Asked by an audience of modern languages students for his views on how the Premier League rated to other domestic competitions, Guardiola felt England's top flight is the "most unpredictable".
"It is the toughest one, for the amount of games, for the weather and the referees saying: 'play (on), play (on), play (on)' and the competitors, there are many. It is the only country that five or six (teams) can win the Premier League," Guardiola said.
"I think it would be unfair to say (one is better overall). In Germany, there are many things that are better than here, in Spain there are things that are better than here, and here there are things which are better than the other leagues. It is the same like with culture, when you travel around, you learn a lot.
"I am a better manager than I was in Germany, and I am a better manager now than I was in Barcelona by far, just for the fact of being there.
"Now, I feel being here I am a better manager too because I learned to handle this incredible league in many circumstances.
"It is an unpredictable league, I think the most unpredictable I have been (in), with the stadiums, and the passion. When you see Match of the Day, after the highlights and all of the people when one team scores a goal, the reactions of the crowd, how crazy they are. People are laughing, screaming and hugging, that is good. We are doing a job, everybody around the world is watching us, and it is fantastic."

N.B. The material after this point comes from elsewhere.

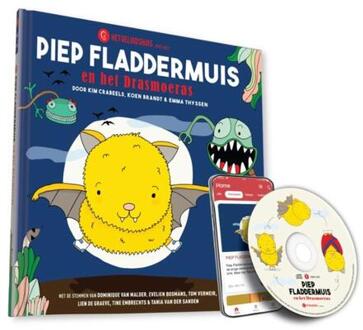 Pelckmans uitgevers Piep Fladdermuis En Het Drasmoeras - Piep Fladdermuis - Kim Crabeels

City look well set again this season, and will resume Premier League action two points clear at the top of the table ahead of the trip to West Ham.
Despite all of the plaudits given to his free-scoring team, who defeated rivals Manchester United 3-1 ahead of the international break for a seventh straight win in all competitions, Guardiola will keep things in perspective.
When replying to a question on the football media in the different countries where he has managed, the City boss said: "Everywhere it happens the same - when you win you are a genius, when you lose you are a disaster."